Mg²⁺ fluxes were measured by AAS. An aliquot of Mg²⁺-loaded vesicles (tLPM, or bLPM) was incubated in the Mg ²⁺-free medium mentioned above, at 37°C, under continuous stirring, at the final concentration of 300 μg protein/ml. Magnesium (Mg²⁺) present as contaminant in the medium was assessed by AAS and found to be ≤2 μM (1.87 ± 0.35 μM, n = 9). After 2 min of equilibration, aliquots of the incubation mixture were withdrawn in duplicate at 1 min intervals. The vesicles were sedimented in microfuge tubes at 7,000g ×45 s, and total Mg²⁺ content of the supernatants was measured by AAS. The vesicle pellets were digested overnight in 500 μl 10% HNO₃. Following sedimentation of denatured protein in microfuge tubes, Mg²⁺ content of the acid extracts was measured by AAS. The first two time points after the equilibration period (i.e., t = 0 and t = 1 min) were used to establish a baseline. Following the withdrawal of t = 1 min sample, the concentrations of NaCl and Na-isethionate reported in the figures were added to the incubation mixture, and the incubation continued for four additional minutes. Because Mg²⁺ content in the supernatant could vary considerably among preparations as a result of loading carry-over, the data are reported as the net variation in extravesicular Mg²⁺ content, normalized per miligram of protein, for simplicity. To calculate net Mg²⁺ extrusion, Mg²⁺ content in the supernatant or in the pellet at t = 0 min and t = 1 min were calculated, averaged, and subtracted from the values of the subsequent incubation time points. Sodium content accumulated within the vesicles in exchange for entrapped Mg²⁺ was also measured by AAS in acid extracts of tLPM and bLPM vesicles.

For the experiments in which amiloride, imipramine, DIDS, niflumenic acid, bumetanide, or furosemide were used, the drug of choice was added to the incubation system together with the bLPM vesicles.

Determination of Cl⁻ fluxes

Following loading of the vesicles with 20 mM MgCl₂ labeled with ³⁶Cl⁻, aliquots of the incubation mixture were withdrawn in duplicate and rapidly filtered onto glass fiber filters (Whatman filters, 0.25 μm) under vacuum. Filters were washed with 5 ml 250 mM "ice-cold" sucrose under vacuum, and dried overnight. The radioactivity retained within the vesicles trapped onto the filter was detected in a β-scintillation counter (Beckman LS6100). In some experiments, 50 μg/ml digitonin were added at selected time points to ensure the released of residual ³⁶Cl⁻ entrapped within the vesicles and assess loading homogeneity.
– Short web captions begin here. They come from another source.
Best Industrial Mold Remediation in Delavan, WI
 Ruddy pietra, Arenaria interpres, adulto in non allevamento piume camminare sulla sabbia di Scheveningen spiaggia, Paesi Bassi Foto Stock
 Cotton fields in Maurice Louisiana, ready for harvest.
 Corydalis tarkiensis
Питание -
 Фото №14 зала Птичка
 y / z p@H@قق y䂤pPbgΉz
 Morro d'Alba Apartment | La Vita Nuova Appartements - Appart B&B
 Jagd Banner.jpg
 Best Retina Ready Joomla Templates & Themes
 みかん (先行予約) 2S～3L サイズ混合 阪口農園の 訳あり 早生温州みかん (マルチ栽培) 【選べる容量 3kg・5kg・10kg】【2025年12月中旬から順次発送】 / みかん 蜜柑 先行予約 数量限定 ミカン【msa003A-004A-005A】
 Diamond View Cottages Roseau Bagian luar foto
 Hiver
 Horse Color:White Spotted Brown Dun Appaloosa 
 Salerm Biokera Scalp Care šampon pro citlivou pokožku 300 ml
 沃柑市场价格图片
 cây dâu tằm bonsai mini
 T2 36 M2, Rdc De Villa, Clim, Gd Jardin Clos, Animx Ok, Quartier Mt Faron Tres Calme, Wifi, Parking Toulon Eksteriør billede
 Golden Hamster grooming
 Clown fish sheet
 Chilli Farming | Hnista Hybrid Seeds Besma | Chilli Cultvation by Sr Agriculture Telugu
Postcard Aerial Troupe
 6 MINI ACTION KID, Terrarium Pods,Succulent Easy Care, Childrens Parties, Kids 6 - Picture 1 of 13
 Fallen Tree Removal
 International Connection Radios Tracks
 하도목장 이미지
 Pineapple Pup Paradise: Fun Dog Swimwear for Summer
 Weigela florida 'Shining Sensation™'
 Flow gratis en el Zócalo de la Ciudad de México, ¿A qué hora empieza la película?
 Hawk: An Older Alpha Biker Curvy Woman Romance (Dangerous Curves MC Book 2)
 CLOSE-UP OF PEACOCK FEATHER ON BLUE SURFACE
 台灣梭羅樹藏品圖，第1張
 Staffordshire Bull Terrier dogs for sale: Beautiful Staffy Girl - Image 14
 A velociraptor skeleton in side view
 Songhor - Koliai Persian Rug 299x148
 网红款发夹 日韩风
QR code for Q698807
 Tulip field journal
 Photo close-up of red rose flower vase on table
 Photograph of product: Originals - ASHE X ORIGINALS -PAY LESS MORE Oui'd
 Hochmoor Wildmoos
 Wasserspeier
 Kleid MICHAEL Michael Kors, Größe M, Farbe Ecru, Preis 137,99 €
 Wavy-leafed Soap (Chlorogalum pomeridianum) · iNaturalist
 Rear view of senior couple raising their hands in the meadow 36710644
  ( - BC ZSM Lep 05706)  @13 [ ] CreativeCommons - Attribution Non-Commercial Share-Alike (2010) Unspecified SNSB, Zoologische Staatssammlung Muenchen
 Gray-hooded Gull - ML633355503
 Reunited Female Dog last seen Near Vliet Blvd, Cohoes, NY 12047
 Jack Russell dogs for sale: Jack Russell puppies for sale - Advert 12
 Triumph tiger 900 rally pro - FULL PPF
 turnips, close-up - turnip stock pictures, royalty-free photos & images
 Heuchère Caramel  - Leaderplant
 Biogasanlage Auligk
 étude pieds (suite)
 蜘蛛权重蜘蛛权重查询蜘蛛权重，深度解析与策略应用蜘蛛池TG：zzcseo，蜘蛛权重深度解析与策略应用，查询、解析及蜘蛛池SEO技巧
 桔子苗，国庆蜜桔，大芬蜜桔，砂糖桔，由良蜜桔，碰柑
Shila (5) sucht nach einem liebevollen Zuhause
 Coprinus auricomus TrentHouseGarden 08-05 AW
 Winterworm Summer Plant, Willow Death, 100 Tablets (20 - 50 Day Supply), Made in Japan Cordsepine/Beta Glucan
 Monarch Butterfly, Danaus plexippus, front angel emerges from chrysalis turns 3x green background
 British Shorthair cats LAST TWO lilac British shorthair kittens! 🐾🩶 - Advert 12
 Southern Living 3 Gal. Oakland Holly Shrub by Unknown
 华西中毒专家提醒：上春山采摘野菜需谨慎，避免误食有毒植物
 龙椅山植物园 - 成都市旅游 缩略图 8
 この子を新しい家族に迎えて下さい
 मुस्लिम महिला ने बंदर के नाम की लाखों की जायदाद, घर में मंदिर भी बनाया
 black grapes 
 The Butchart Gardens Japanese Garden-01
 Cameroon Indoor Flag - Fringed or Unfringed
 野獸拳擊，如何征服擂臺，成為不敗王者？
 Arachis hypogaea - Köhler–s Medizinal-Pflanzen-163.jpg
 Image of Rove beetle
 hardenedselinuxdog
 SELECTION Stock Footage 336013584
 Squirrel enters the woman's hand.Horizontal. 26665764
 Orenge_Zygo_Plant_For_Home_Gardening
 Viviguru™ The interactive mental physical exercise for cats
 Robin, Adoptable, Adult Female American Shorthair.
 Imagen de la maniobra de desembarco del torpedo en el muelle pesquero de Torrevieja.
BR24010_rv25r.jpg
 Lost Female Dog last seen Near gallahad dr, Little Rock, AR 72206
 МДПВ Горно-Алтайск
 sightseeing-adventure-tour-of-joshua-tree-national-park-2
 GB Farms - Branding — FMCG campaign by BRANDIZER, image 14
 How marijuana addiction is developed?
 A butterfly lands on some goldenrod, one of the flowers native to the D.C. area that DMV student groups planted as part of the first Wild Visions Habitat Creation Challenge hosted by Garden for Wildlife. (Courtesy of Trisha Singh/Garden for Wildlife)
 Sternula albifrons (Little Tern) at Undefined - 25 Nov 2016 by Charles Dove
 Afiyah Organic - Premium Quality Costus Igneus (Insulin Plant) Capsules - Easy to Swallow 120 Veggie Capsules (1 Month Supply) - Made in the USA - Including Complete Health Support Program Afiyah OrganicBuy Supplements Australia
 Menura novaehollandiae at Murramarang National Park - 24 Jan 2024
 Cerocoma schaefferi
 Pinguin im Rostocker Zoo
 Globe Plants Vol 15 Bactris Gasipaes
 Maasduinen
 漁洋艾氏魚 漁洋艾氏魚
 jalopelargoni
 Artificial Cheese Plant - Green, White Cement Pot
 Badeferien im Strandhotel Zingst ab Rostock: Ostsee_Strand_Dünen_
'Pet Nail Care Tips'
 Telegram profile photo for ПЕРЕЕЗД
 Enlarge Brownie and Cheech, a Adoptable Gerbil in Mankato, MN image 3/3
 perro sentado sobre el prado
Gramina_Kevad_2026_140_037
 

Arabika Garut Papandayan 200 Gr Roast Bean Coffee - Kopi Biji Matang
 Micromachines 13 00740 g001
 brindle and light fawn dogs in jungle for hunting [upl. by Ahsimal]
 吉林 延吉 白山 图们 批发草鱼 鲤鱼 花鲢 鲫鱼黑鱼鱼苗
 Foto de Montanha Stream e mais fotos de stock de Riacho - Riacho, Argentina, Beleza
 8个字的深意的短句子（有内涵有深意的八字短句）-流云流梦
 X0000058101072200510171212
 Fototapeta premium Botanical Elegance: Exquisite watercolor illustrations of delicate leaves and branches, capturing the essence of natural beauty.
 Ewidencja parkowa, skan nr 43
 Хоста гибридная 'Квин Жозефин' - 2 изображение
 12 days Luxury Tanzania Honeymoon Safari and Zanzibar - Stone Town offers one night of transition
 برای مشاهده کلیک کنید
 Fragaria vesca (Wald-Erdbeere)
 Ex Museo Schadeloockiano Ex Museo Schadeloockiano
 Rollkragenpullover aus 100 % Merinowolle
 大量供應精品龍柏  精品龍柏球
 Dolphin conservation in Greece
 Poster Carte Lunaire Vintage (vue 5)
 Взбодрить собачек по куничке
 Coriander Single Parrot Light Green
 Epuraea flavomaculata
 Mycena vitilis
Assessment of stoichiometry ratio

To determine the stoichiometry ratio of the Na⁺/Mg²⁺ exchanger, the amount of Na⁺ accumulated within and the amount of Mg²⁺ mobilized from the vesicles was assessed by acid digestion of the vesicles at the end of the incubation protocol. To this end, MgCl₂-loaded bLPM vesicles were incubated as described previously in a nominal Mg²⁺-free medium, and stimulated by the addition of varying doses of extravesicular NaCl (or Na-isethionate). At 1-min interval, aliquots of the incubation mixture were withdrawn in duplicate and sedimented at 7,000 rpm × 45 s through an oil layer (dioctyl-phthalate:dibutyl-phthalate 2:1, v/v). The supernatant and the oil layer were removed by vacuum suction, and the pellet vesicles digested overnight in 500 μl 10% HNO₃. The following day, the acid mixture was sedimented at 14,000 rpm × 3 min. The amounts of Na⁺ and Mg²⁺ present in the supernatant (acid extract) were measured by AAS after proper dilution. The denatured protein pellet was digested in 1 N NaOH for protein determination. The amount of Na⁺ accumulated within the vesicles and the amount of Mg²⁺ loss from the vesicles were normalized for protein content and used to calculate the ratio of exchange.

Assessment of TPP⁺ distribution

A tetraphenylphosphonium (TPP⁺) electrode was used to monitor changes in membrane potential under our experimental conditions. The TPP⁺-sensitive electrode was made as detailed by Cefaratti [21]. In brief, a solution of 100 mg sebacic acid bis-2-ethylhexyl ester, 97.5 mg polyvinylchloride (PVC) and 20 mg Na-tetraphenylborate (TPB) was prepared in 1 ml tetra-hydofuran (THF). All the components were added and solubilized in the PVC–THF solution, which was poured into a 2.5-cm-diameter ring plate and left to evaporate for 48 h. A piece of membrane was then glued onto 2.5-mm-diameter PVC tubing. The TPP⁺ electrode was filled with 1–100-μM TPP⁺ in 10 mM KCl. The reference was an Ag–AgCl electrode filled with 3 M KCl. The response of the electrode in the nano or micromolar range was logarithmic with a slope of 63 mV [21].

Protein determination

Protein was measured according to the procedure of Lowry et al. [26], using bovine serum albumin as a standard.

Statistical analysis

Data are presented as means ± S.E. Data were first analyzed by one-way ANOVA. Multiple means were then compared by Tukey’s multiple comparison test or by the Student–Newman–Keuls method performed with a level of statistical significance designated as P ≤ 0.05.

Results

The putative Na⁺/Mg²⁺ exchanger is specifically located in the basolateral domain of the hepatocyte [20]. Hence, for the experiments reported here, only this vesicle subpopulation was used.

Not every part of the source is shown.